Images of mothers and daughters, nurses, white gloves and other themes were meant to reassure white women, especially regarding gas station bathroom standards. Black drivers have been excluded from corporate strategy.
At Jim Crow South, the separation method required separate facilities for blacks and whites. Also, according to Bay, there were few separate “colored toilets” at major gas stations. She added that black drivers in the South were usually forced to look for gas stations owned by blacks.
Hold it at the gas station
According to gas station and public facility historians, there are several reasons.
By the late 1960s, gas stations “began to lose their reputation”, Anderson said, as they stopped introducing toilets directly in advertising campaigns.
“Gas stations were angry with government outsourcing,” Simon said. “They see it as a waste of their earnings.”
Bathrooms deteriorated and customers treated them worse because the station did not focus too much on maintenance, Simon said, describing it as a “malicious spiral.”
Bathroom conditions also deteriorated as gas prices soared in the 1970s and self-service replaced station staff.
Drivers are now focused on finding the cheapest gas. Many were willing to sacrifice clean toilets when it meant saving a few cents per gallon rather than the cleanest bathrooms and stations with the best service.
“Gas has increased its transactions with self-service,” Simon said. “Services and amenities are on the roadside.”

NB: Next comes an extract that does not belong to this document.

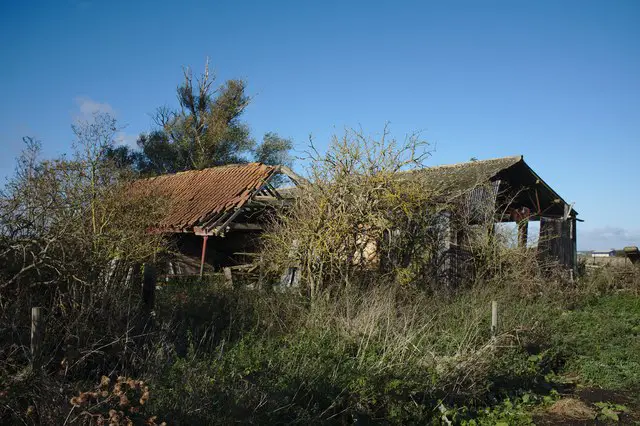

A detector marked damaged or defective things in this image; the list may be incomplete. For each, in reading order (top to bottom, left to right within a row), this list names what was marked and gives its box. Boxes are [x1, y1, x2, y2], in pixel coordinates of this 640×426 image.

rusted corrugated roof [132, 163, 276, 233]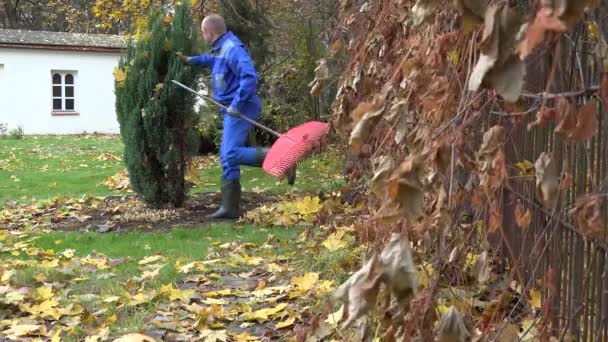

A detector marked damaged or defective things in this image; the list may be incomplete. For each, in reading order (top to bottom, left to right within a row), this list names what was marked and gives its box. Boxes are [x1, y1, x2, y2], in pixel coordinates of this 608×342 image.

rusty wire fence [492, 3, 608, 340]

But even today, a few gas station chains borrow tactics from the early days of clean bathrooms as a way to attract customers.
The Midwestern Kwik Trip has posted a “Clean Restroom Promise” sign in every bathroom with the name of CEO Don Zietlow and a hotline number for filing complaints. Zietlow personally receives and responds to all calls.
And Buc-ee’s in Texas regularly ranks them as having top-class bathrooms in the gas station industry. The company uses signs along the highway to promote facilities such as “two reasons to stop at Buc-ee: No. 1 and No. 2” and “a break room where you have to pee”.